Machine learning models that use deep neural networks (DNNs) are vulnerable to backdoor attacks. An adversary carrying out a backdoor attack embeds a predefined perturbation called a trigger into a small subset of input samples and trains the DNN such that the presence of the trigger in the input results in an adversary-desired output class. Such adversarial retraining however needs to ensure that outputs for inputs without the trigger remain unaffected and provide high classification accuracy on clean samples. In this paper, we propose MDTD, a Multi-Domain Trojan Detector for DNNs, which detects inputs containing a Trojan trigger at testing time. MDTD does not require knowledge of trigger-embedding strategy of the attacker and can be applied to a pre-trained DNN model with image, audio, or graph-based inputs. MDTD leverages an insight that input samples containing a Trojan trigger are located relatively farther away from a decision boundary than clean samples. MDTD estimates the distance to a decision boundary using adversarial learning methods and uses this distance to infer whether a test-time input sample is Trojaned or not. We evaluate MDTD against state-of-the-art Trojan detection methods across five widely used image-based datasets: CIFAR100, CIFAR10, GTSRB, SVHN, and Flowers102; four graph-based datasets: AIDS, WinMal, Toxicant, and COLLAB; and the SpeechCommand audio dataset. MDTD effectively identifies samples that contain different types of Trojan triggers. We evaluate MDTD against adaptive attacks where an adversary trains a robust DNN to increase (decrease) distance of benign (Trojan) inputs from a decision boundary.

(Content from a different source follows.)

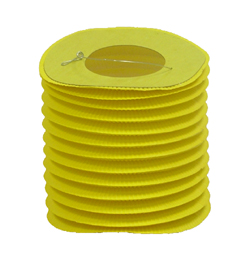 Žltý lampión v tvare valca - 24 cm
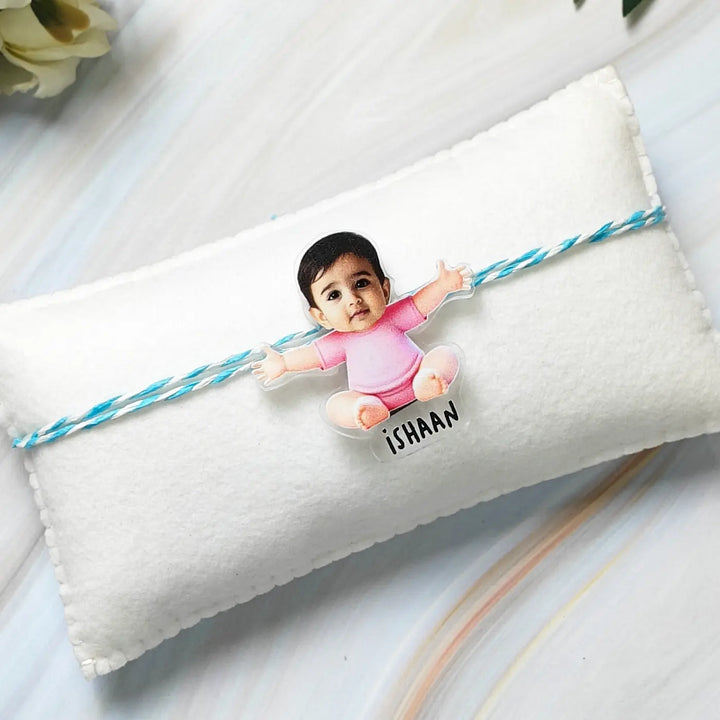 Photo Personalized Reusable Caricature 1St Rakhi For Baby Acrylic Rakhi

翻译：使用深度神经网络（DNN）的机器学习模型易受后门攻击。实施后门攻击的对手会将预定义扰动（称为触发器）嵌入少量输入样本，并训练DNN，使得输入中存在触发器时能够产生对手期望的输出类别。然而，此类对抗性重训练需要确保不含触发器的输入输出不受影响，并在干净样本上保持高分类准确率。本文提出MDTD——一种面向DNN的多领域特洛伊木马检测器，能够在测试阶段检测包含特洛伊触发器的输入。MDTD无需了解攻击者的触发器嵌入策略，可应用于基于图像、音频或图输入的预训练DNN模型。MDTD基于以下洞见：包含特洛伊触发器的输入样本相对干净样本远离决策边界。MDTD利用对抗学习方法估计到决策边界的距离，并据此推断测试输入样本是否为特洛伊木马样本。我们在五个广泛使用的图像数据集（CIFAR100、CIFAR10、GTSRB、SVHN、Flowers102）、四个图数据集（AIDS、WinMal、Toxicant、COLLAB）以及SpeechCommand音频数据集上，将MDTD与最先进的木马检测方法进行评估。MDTD能有效识别包含不同类型特洛伊触发器的样本。我们还针对自适应攻击（即对手训练鲁棒DNN以增大/减小良性/木马输入与决策边界的距离）对MDTD进行了评估。